Electricity distributor Kenya Power cooked its books to the tune of billions of shillings in two years after it was roped into a political scheme to keep the electorate happy in the run-up to last year’s General Election.
Auditor-General Edward Ouko has, in his latest report, laid bare the full extent of the financial misrepresentation, whose aim was to keep electricity prices artificially low and help the Jubilee government get re-elected.
Kenya Power refused to restate its financial results for the years ended June 2017 and June 2018 as Mr Ouko had advised, underlining the level of impunity at the Nairobi Securities Exchange-listed firm.

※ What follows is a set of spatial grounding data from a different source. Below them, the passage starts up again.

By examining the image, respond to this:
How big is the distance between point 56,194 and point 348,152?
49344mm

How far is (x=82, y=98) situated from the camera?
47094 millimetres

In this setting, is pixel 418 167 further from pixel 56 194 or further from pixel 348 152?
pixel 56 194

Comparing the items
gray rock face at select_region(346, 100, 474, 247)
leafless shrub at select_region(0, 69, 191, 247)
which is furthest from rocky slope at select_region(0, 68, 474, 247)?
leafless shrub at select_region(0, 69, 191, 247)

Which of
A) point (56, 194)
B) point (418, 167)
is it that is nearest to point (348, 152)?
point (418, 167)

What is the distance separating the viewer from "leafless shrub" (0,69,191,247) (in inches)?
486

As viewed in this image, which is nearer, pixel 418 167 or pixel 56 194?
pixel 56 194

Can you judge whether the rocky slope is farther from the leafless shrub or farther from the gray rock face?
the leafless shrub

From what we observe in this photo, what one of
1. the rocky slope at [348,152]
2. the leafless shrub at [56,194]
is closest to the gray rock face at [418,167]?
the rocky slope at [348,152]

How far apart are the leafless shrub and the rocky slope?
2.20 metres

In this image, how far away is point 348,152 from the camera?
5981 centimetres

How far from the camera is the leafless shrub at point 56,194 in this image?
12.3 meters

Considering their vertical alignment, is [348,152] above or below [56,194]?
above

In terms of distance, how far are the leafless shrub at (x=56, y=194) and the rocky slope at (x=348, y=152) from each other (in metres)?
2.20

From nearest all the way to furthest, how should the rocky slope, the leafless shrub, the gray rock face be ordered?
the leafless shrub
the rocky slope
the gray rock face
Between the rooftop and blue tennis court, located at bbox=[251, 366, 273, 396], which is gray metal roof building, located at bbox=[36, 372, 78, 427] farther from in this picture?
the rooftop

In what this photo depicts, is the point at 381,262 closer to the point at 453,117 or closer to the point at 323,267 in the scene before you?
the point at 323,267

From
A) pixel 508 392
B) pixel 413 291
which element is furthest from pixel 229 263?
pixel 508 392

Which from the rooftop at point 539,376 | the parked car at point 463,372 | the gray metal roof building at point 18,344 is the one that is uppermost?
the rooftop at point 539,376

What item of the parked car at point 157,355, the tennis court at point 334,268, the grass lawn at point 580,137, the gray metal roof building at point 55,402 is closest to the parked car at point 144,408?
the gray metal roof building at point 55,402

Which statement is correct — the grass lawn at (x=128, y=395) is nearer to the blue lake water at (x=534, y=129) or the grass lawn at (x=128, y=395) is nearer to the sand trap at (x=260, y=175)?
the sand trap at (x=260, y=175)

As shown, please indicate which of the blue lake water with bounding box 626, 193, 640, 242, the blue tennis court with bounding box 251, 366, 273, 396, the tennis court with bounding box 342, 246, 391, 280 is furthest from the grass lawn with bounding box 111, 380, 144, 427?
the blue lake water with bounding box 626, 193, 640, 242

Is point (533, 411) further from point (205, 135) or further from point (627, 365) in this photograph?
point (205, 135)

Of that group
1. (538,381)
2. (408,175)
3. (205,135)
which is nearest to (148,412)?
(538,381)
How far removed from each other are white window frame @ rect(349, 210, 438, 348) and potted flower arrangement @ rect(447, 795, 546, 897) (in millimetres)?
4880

Last year the company, acting on instructions from the government (which was seeking re-election in the August poll), suspended the collection of fuel cost charge on electricity bills, leading to a pile-up of uncollected cash.
The fuel cost charge — which is used to compensate diesel power generators — was held constant at Sh2.85 per kilowatt hour (kWh) in the seven months to August last year despite a steep increase in the amount of diesel-generated power on the national grid.
Consequently, the uncollected levy piled up to more than Sh10 billion, forcing the company to ramp up its recovery of the levy after the election, and causing a consumer uproar and litigation.
The Energy Regulatory Commission (ERC) approved Kenya Power’s ignore-and-bill-later strategy, which the utility firm earlier told the Business Daily was a short-term policy of the government.
Delaying collection of the fuel levy, which was meant to contain public disaffection with the government over the high electricity bills in the run-up to the polls, however, left Kenya Power’s financial statements in disarray.
To pull off the scheme, Kenya Power went against International Accounting Standards (IAS) to incorrectly report sales, receivables, liabilities and profits.
The electricity distributor irregularly recognised unbilled fuel costs as revenue, setting off a process that saw it manipulate the reporting of other items in its books in the quest to avoid disclosing lower earnings.
Mr Ouko says proper reporting would have left Kenya Power with a paltry Sh366.6 million in pre-tax profit for the year ended June 2017, and not the Sh7.6 billion it reported.
The company’s pre-tax profit for the year ended June 2018, on the other hand, should have been Sh6 billion and not the Sh3 billion it reported.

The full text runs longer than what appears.